- IFB-088 has been granted Orphan-Drug Designation from the FDA in the treatment of Amyotrophic Lateral Sclerosis (ALS).
- IFB-088 is a first-in-class small molecule thought to prolong the protective effect of the Integrated Stress Response, a pathway that prevents buildup of misfolded disease-causing proteins.
- InFlectis, which obtained authorization to start a phase 2 trial in Europe (France and Italy) in patients with bulbar-onset ALS, expects to enroll the first patient this summer before initiating a larger study in the US and worldwide.
InFlectis BioScience received Orphan-Drug Designation from the U.S. Food and Drug Administration (FDA) for its investigational treatment for Amyotrophic Lateral Sclerosis (ALS), IFB-088. In preclinical studies, IFB-088 has been shown to prolong the protective effect of the Integrated Stress Response, giving cells additional time to repair or eliminate mis-folded proteins that can result in diseases such as ALS. The Company plans to initiate a Phase 2 trial in Europe (France and Italy) this summer. Orphan drug designation provides for tax credits for qualified clinical trials and extended market exclusivity for up to seven years as a way to encourage companies to develop treatments for rare conditions.

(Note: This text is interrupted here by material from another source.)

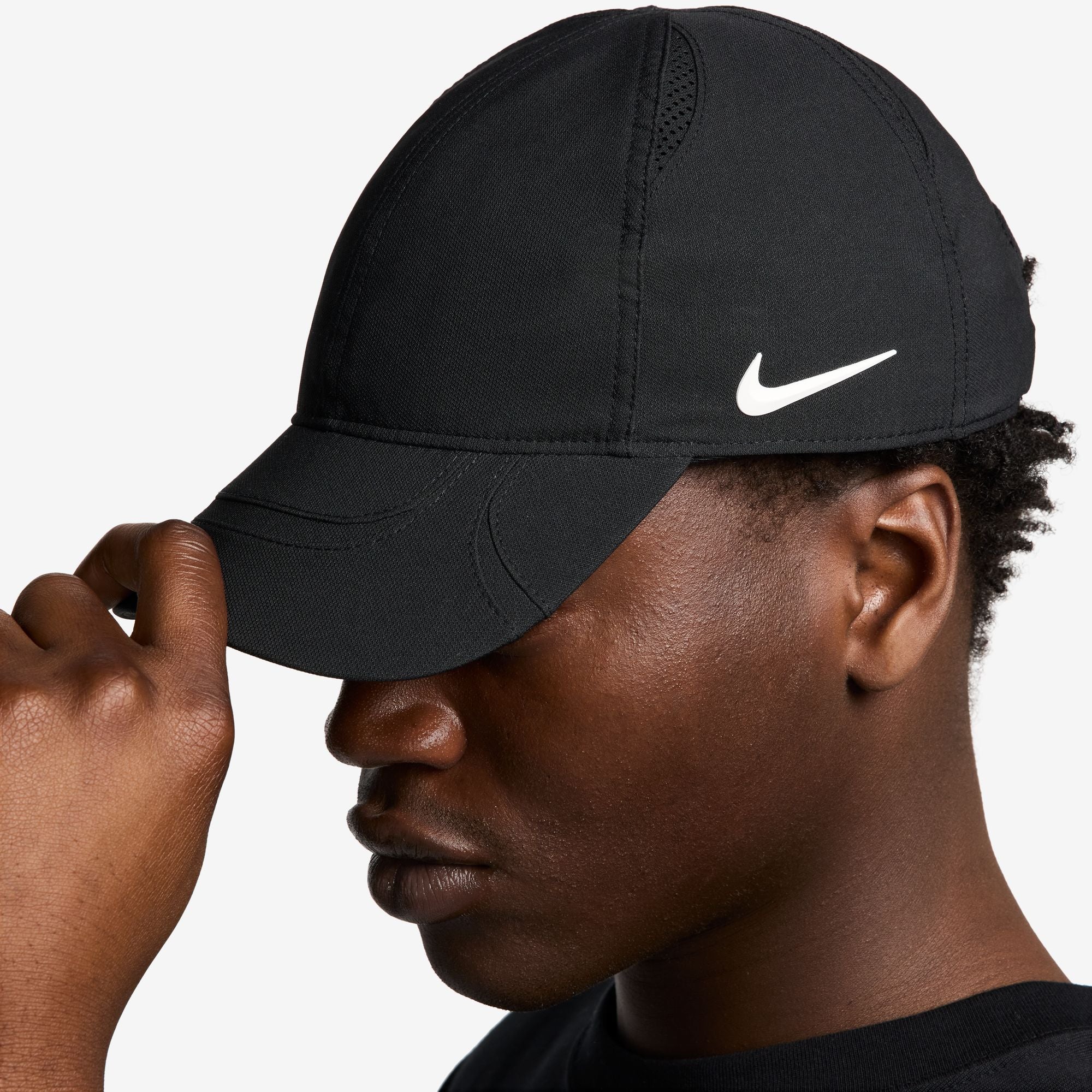 NIKE NRG CLUB CAP NOCTA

“The granting of ODD reflects the need for new treatment options with new mechanisms of action for patients diagnosed with ALS. This is an important milestone for the company and a significant step forward in our US and European clinical development and regulatory strategy for IFB-088,” said Béatrice Lejeune, Ind. Pharm., Chief Regulatory Officer of InFlectis. “Phase 2 clinical data from an analog to IFB-088 reported last year demonstrates the potential of an ISR modulator to slow the progression of ALS, in particular in bulbar-onset ALS patients.
“We are now preparing the setup of clinical operations and planning to enroll the first patient this summer,” explained Philippe Guédat, PhD, Founder, President, Chief Executive Officer of InFlectis. “In our development plan we expect to initiate larger studies in the U.S. and worldwide for the whole ALS population.”